Y es que para el cuarto acto, la Germanotta aparece disfrazada de ¿bicho? morado, con sus antenas y todo, para interpretar ‘Shallow’ y ‘Always Remembered Us This Way’, para la que se retira su estrafalario sombrero, quizá agobiada por el calor húmedo de la noche parisina. Cualquiera pensaría que interpretar estas dos baladas vestida de semejante guisa sería contraproducente, pero lo cierto es que no. Es aquí, en realidad, donde Lady Gaga demuestra su verdadera pasta, donde conecta con un público al que no ha conseguido terminar de convencer del todo (quizá culpa de esos larguísimos vídeos que, en ocasiones seguidos de minutos en negro, ensombrecen en parte el ritmo del show).
Subida en la susodicha plataforma cuadrada, el derroche de talento y de savoir faire culmina con ‘The Edge of Glory’, ‘1000 Doves’ y ‘Fun Tonight’. Germanotta no elude aquí dirigirse directamente a su público, que aplaude a rabiar. Es este el principio del fin, que da paso a la traca final: ‘Stupid Love’ y ‘Rain on Me’ se alinean en un fin de fiesta catártico, convertidas ahora en las dos canciones que dan cierre al concierto, justo antes de que Gaga vuelva al escenario para -en una decisión artística ligeramente cuestionable-, dar por finiquitado el espectáculo con ‘Hold My Hand’, la canción compuesta para la banda sonora de ‘Top Gun: Maverick’. El número se salva gracias al apoyo de sus fans acérrimos y a las columnas de fuego que surgen por todos lados; pero me apena que este sea el fin cuando se quedan en el tintero ‘Plastic Doll’ o, sobre todo, ‘Sine from Above’.
En definitiva, y por mucho que me pese, el concierto no fue de diez. Quizá hayamos pagado el peaje de ser una de las primeras fechas, y el engranaje mejore a medida que se vaya engrasando. Pero contando con que el sonido no fue todo lo óptimo que esperábamos (mención especial a esa batería, que destacaba por encima de todos los demás instrumentos), que en algunas ocasiones se echaba de menos un coro extra y que el final careció de la grandiosidad necesaria (aunque volvió una vez más al escenario para despedirse, ya encendidas las luces del estadio y con el público corriendo para coger los últimos trenes), solo nos queda acogernos a lo básico: la realidad es que ‘The Chromatica Ball’ es mejor cuanto más se despoja de sus artificios, cuanto más se deshace de su parafernalia y nos muestra a una Lady Gaga más honesta, más vulnerable y más en su elemento, que es la música.
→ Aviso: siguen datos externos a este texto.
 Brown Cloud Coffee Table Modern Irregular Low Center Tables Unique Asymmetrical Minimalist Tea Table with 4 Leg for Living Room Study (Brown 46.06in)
A la Germanotta le gusta mostrar que sabe cantar, y eso se nota. Y que nadie me entienda mal: que los códigos clásicos de un concierto de una megadiva del pop no terminen de funcionar aquí no es sinónimo ninguno de la falta de talento o de carisma de la neoyorquina. Ponerte frente a un piano y cantar en directo a voz casi desnuda, consiguiendo callar a 75.000 personas y haciendo que algunas tengan que enjuagarse las lágrimas solo tiene un nombre: SUPERESTRELLA. 8.